Why does "hexdump" reverse bytes? [Archive]

View Full Version : Why does "hexdump" reverse bytes?

sha1sum

December 9th, 2013, 08:05 PM

Say we use hexdump in a very simple way:

user@computer:~$ echo "hello" | hexdump
0000000 6568 6c6c 0a6f
0000006

if you look at the hex:
65 = e
68 = h
6c = l
0a = newline
6f = o

So the way it basically prints is like this:

e h l l . o
(where . is newline )

Why does it constantly reverse two bytes?

r-senior

December 9th, 2013, 08:20 PM

It's not reversing them, everything else is:

http://en.wikipedia.org/wiki/Endianness

steeldriver

December 9th, 2013, 08:26 PM

If you want them in character order, I find it easier to use od with the x1 format (hex, single byte)

$ hexdump <<< "hello"
0000000 6568 6c6c 0a6f
0000006
$
$ od -tx1 <<< "hello"
0000000 68 65 6c 6c 6f 0a
0000006

sha1sum

December 13th, 2013, 01:46 PM

It's not reversing them, everything else is:

http://en.wikipedia.org/wiki/Endianness

Interesting. I think I get the concept of endianness.
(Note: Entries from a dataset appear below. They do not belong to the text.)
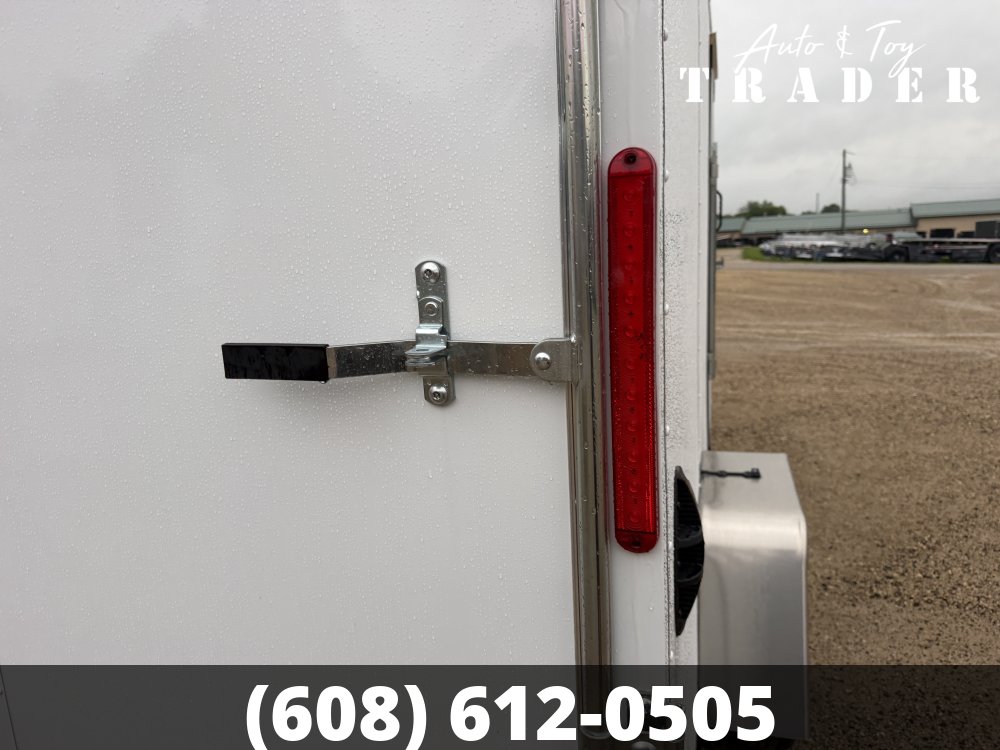 2026 Cross Trailers 6X12 Beta Cargo / Enclosed Trailer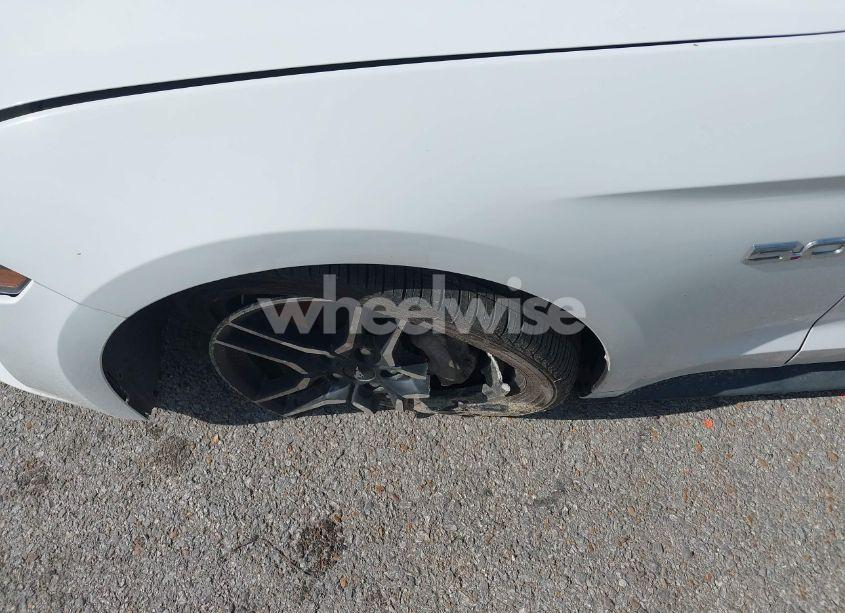 Photo 19 of 2020 Ford Mustang GT PREMIUM (VIN 1FATP8FF3L5136512)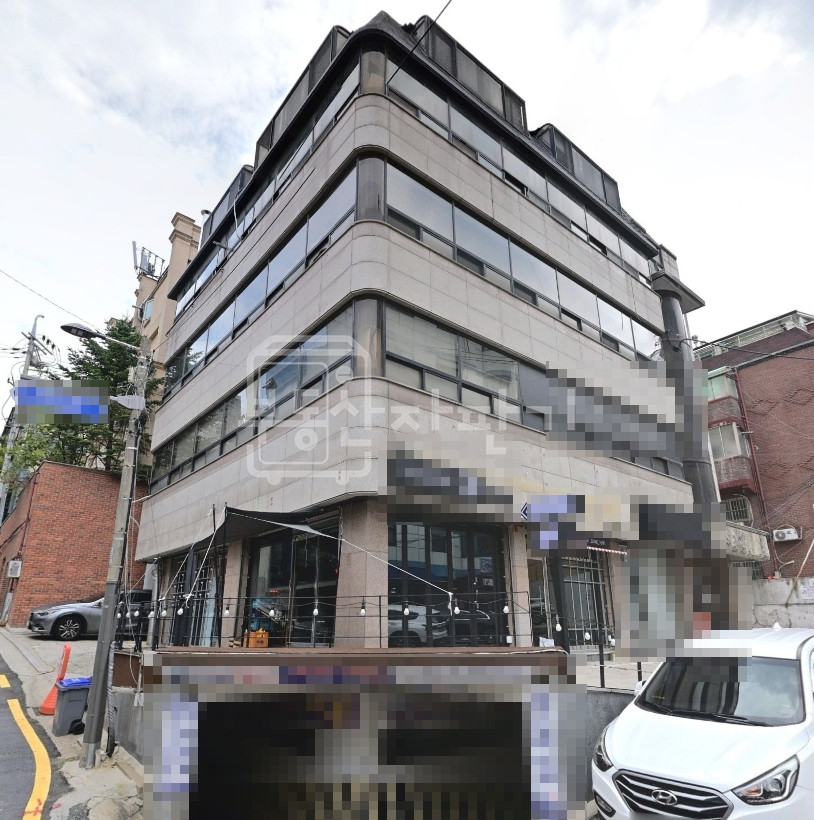 서울 강남구 논현동 강남구청역 도보 4분 역세권 1층 임대 월세 매물번호 33453 사진 1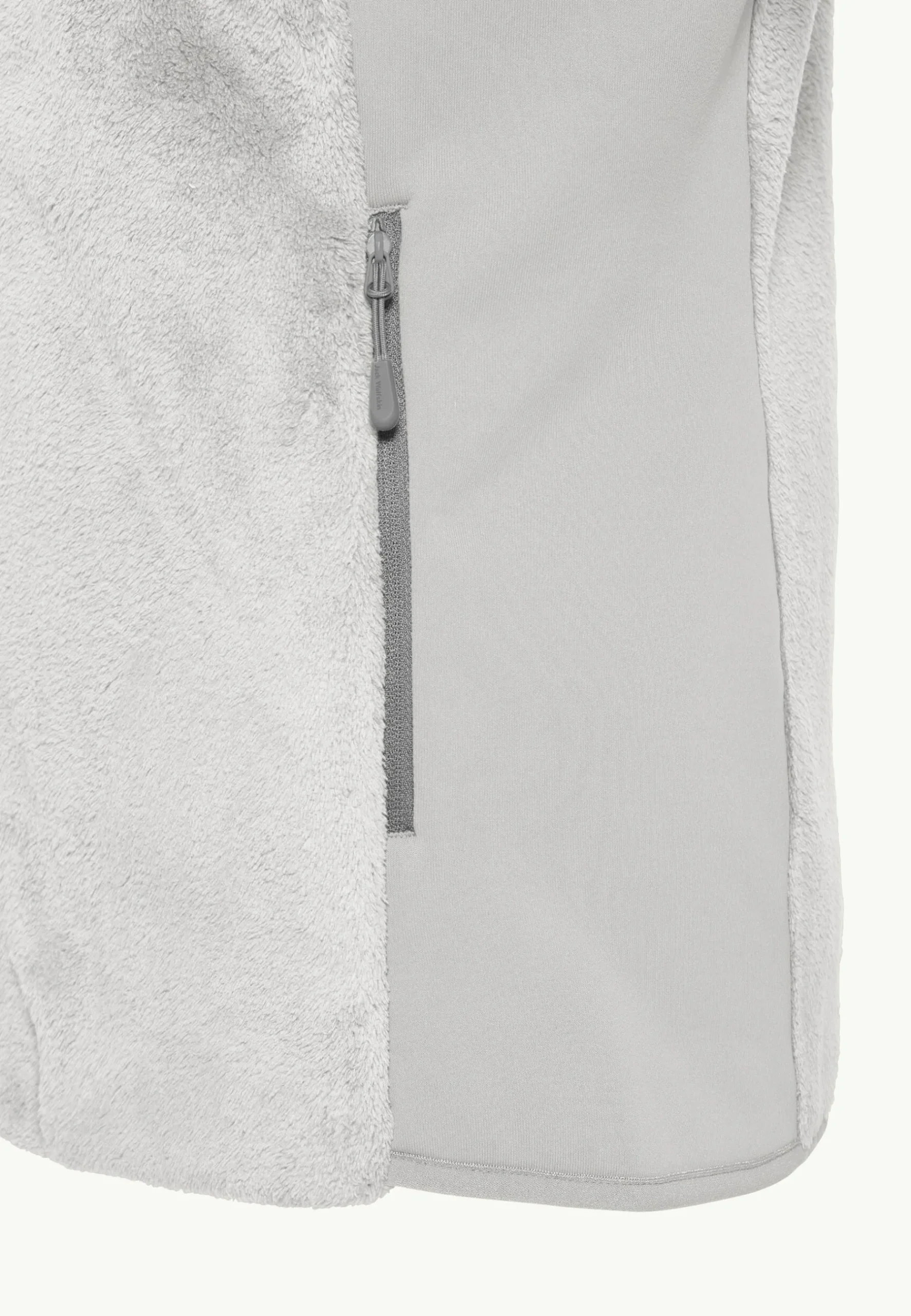 Jack Wolfskin Rotwand Fz W|DAMES Voor- En Najaarsjacks/-Jassen|Fleece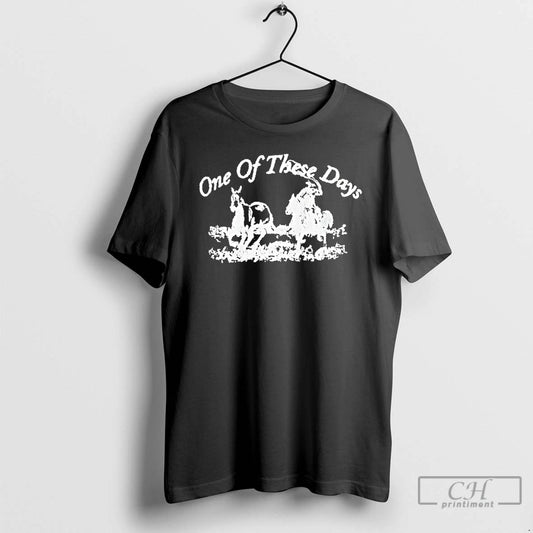 Classic Travis Kelce One Of These Days T Shirts - clothing by TeeHivey.com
I still don't really understand why hexdump operates in the way it does. So it reverses two bytes,or you could argue it puts them in the logical order. But why on the two byte level? Why not on the four byte level? Why isn't the entire thing read backwards?

If I were to look at my hard drive, what does a text file with four letters look like? If I use a hex editor to look at a text file, everything is normal, or Big endian, or whatever you call it. While if I examine it with hexdump, it is reversed, or little endian on the two byte level, or someting like that.

The Cog

December 13th, 2013, 02:16 PM

I use hd instead of hexdump. It doesn't answer the question of course, but you may choose to use hd instead, as I did once I found it.

$ echo Hello | hd
00000000 48 65 6c 6c 6f 0a |Hello.|

sha1sum

December 13th, 2013, 03:06 PM

Thanks. That's a nice option too. For my original purpose I fixed it with a pipeline into sed that reverses the two bytes back. Now I´m just curious about this endianness.

Bachstelze

December 15th, 2013, 01:53 PM

I still don't really understand why hexdump operates in the way it does. So it reverses two bytes,or you could argue it puts them in the logical order. But why on the two byte level? Why not on the four byte level? Why isn't the entire thing read backwards?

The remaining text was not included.